(Captioned web images)
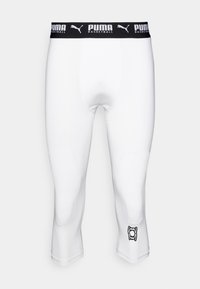 Hvide kompressionsshorts med en sort elastisk talje, der har "PUMA BASKETBALL" logo. Glat tekstur med en grafisk accent nær kanten.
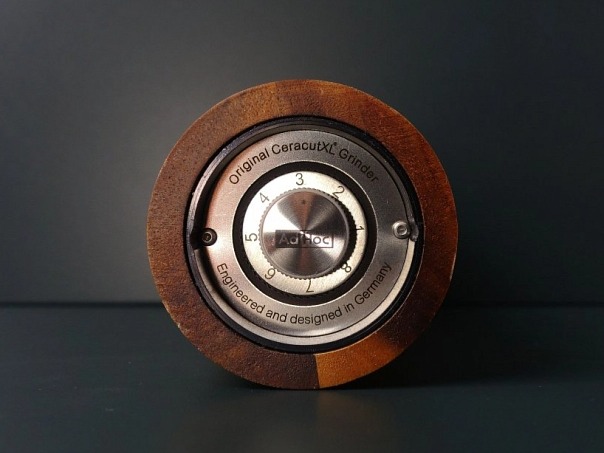 Mlynček na korenie Profi akáciové drevo + DARČEK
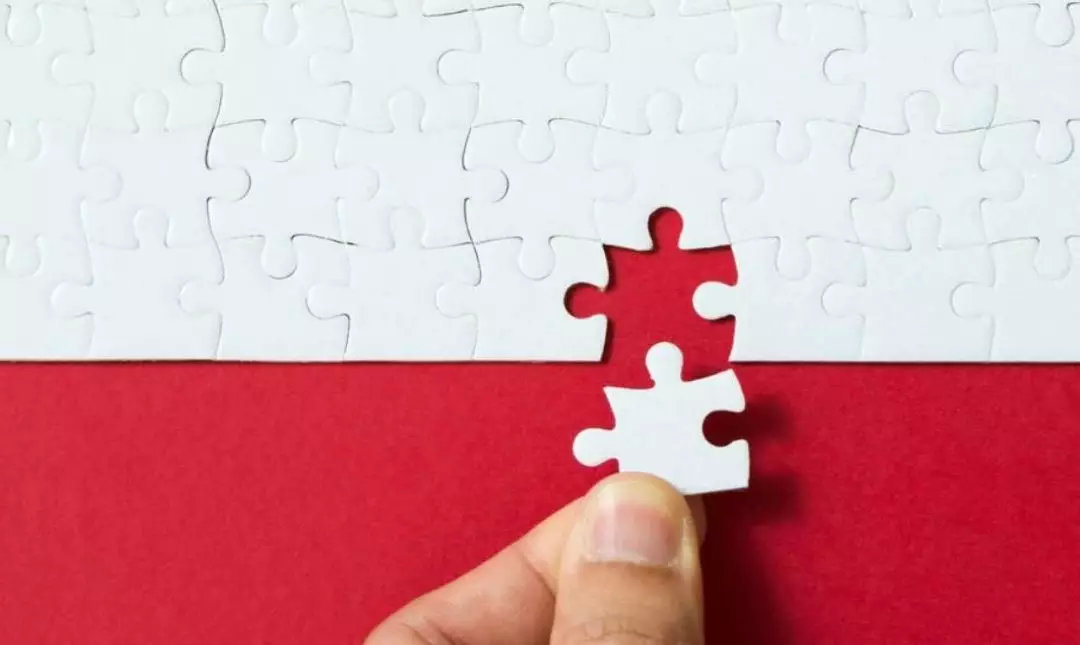 1999年生的他，编写聊天“话术”剧本专挑“宝妈”微商下手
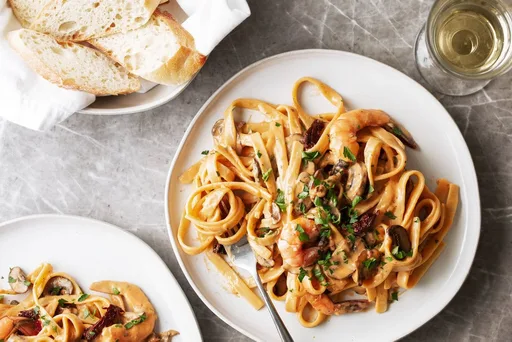 Fettuccine con Gambas y Salsa de Crema de Tomates Secos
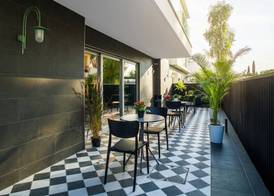 LIV URBAN Suites 4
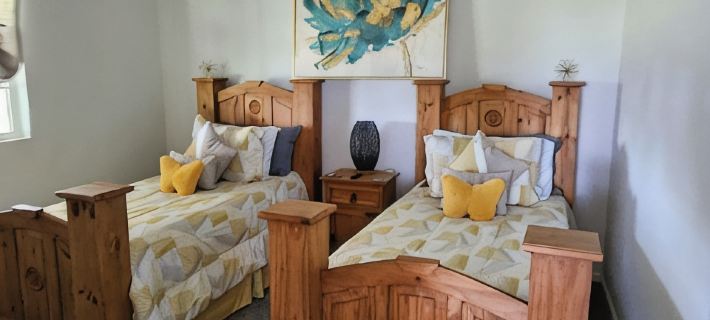 Kingdom Home Country Cottage is where you can relax, rejuvenate and enjoy peace. Hotels in Ellis County
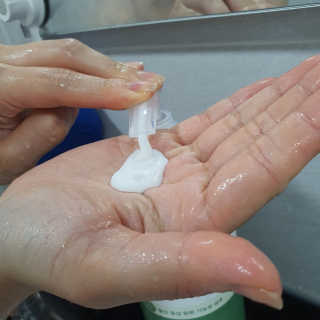 스와니코코 맑은편백 두피 영양 샴푸 — 5점을 준 리뷰어가 2020년 9월 올린 사용 사진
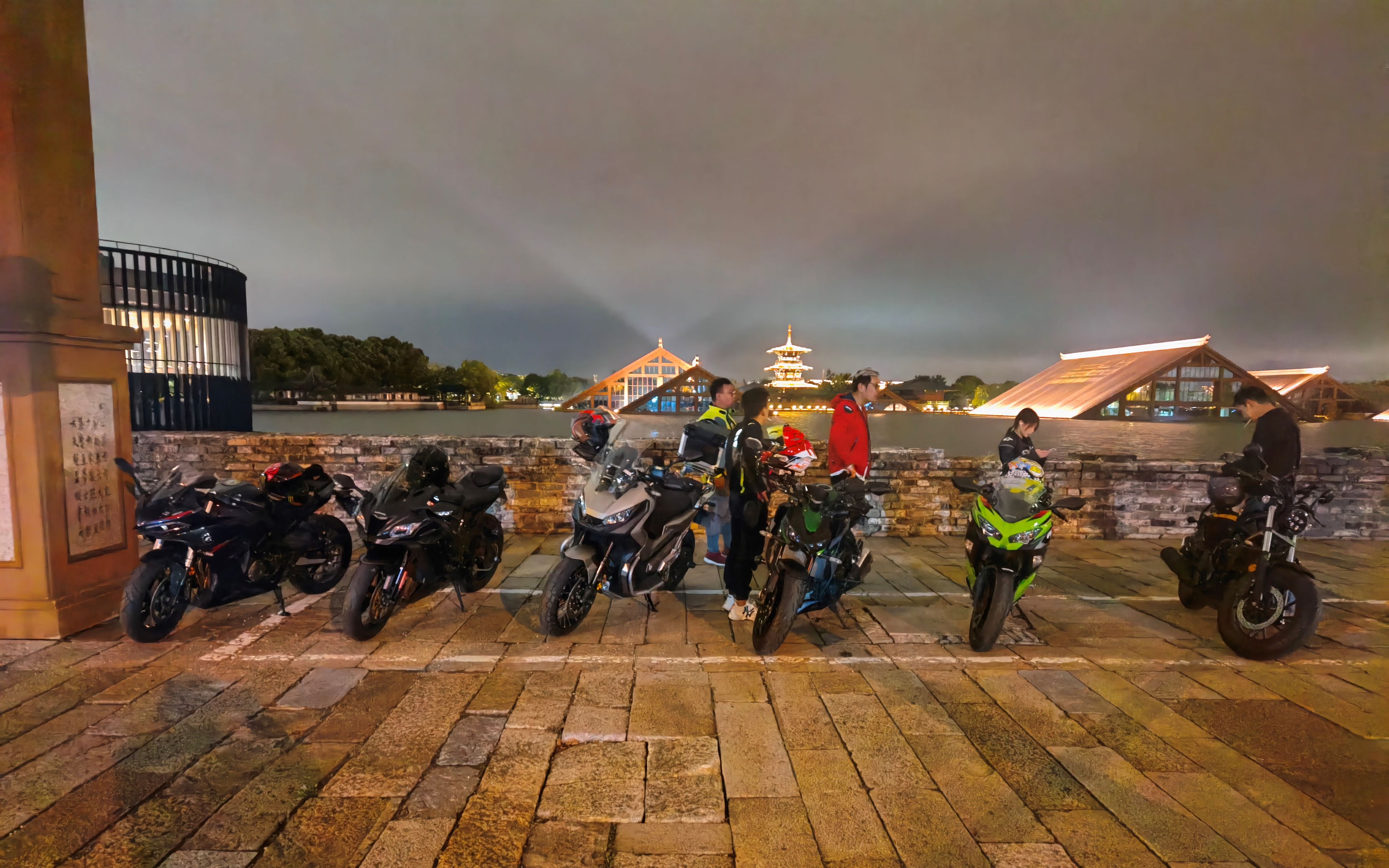 上海-摩托车夜间骑行-cm500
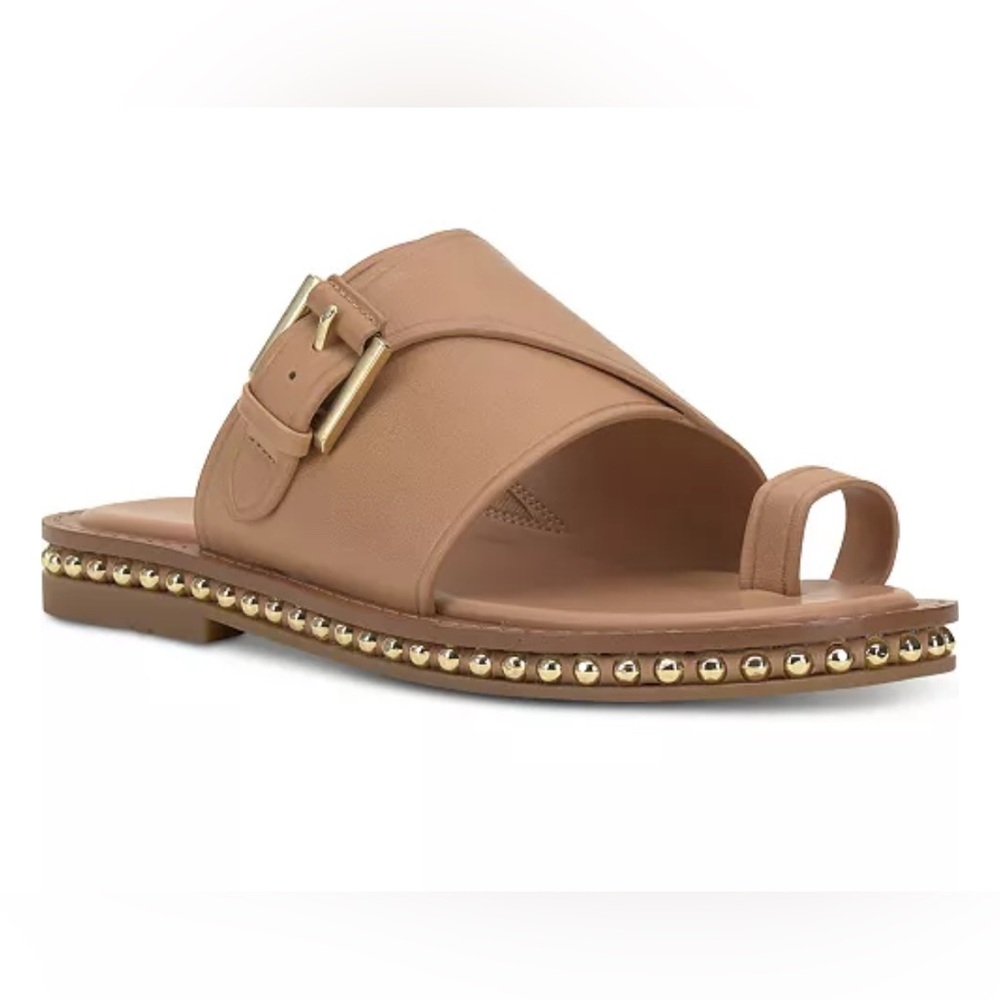 NWOT VINCE CAMUTO Cooliann Hooded Thong Flat Sandals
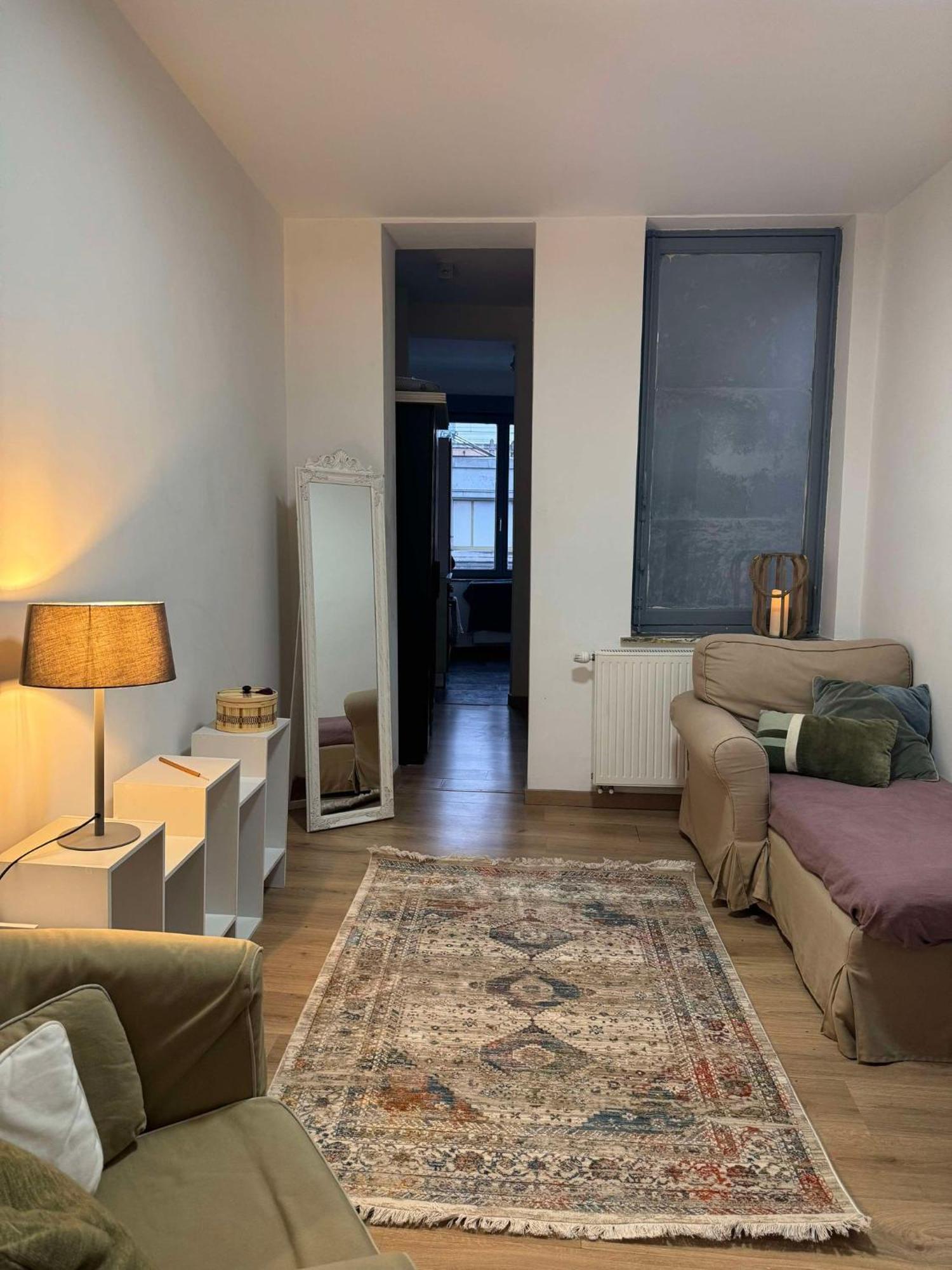 The Bachelor Backpacker Spot * Brussels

### Exercise
Please output each line above exactly and omit all images.

### Output for this task
 Hvide kompressionsshorts med en sort elastisk talje, der har "PUMA BASKETBALL" logo. Glat tekstur med en grafisk accent nær kanten.
 Mlynček na korenie Profi akáciové drevo + DARČEK
 1999年生的他，编写聊天“话术”剧本专挑“宝妈”微商下手
 Fettuccine con Gambas y Salsa de Crema de Tomates Secos
 LIV URBAN Suites 4
 Kingdom Home Country Cottage is where you can relax, rejuvenate and enjoy peace. Hotels in Ellis County
 스와니코코 맑은편백 두피 영양 샴푸 — 5점을 준 리뷰어가 2020년 9월 올린 사용 사진
 上海-摩托车夜间骑行-cm500
 NWOT VINCE CAMUTO Cooliann Hooded Thong Flat Sandals
 The Bachelor Backpacker Spot * Brussels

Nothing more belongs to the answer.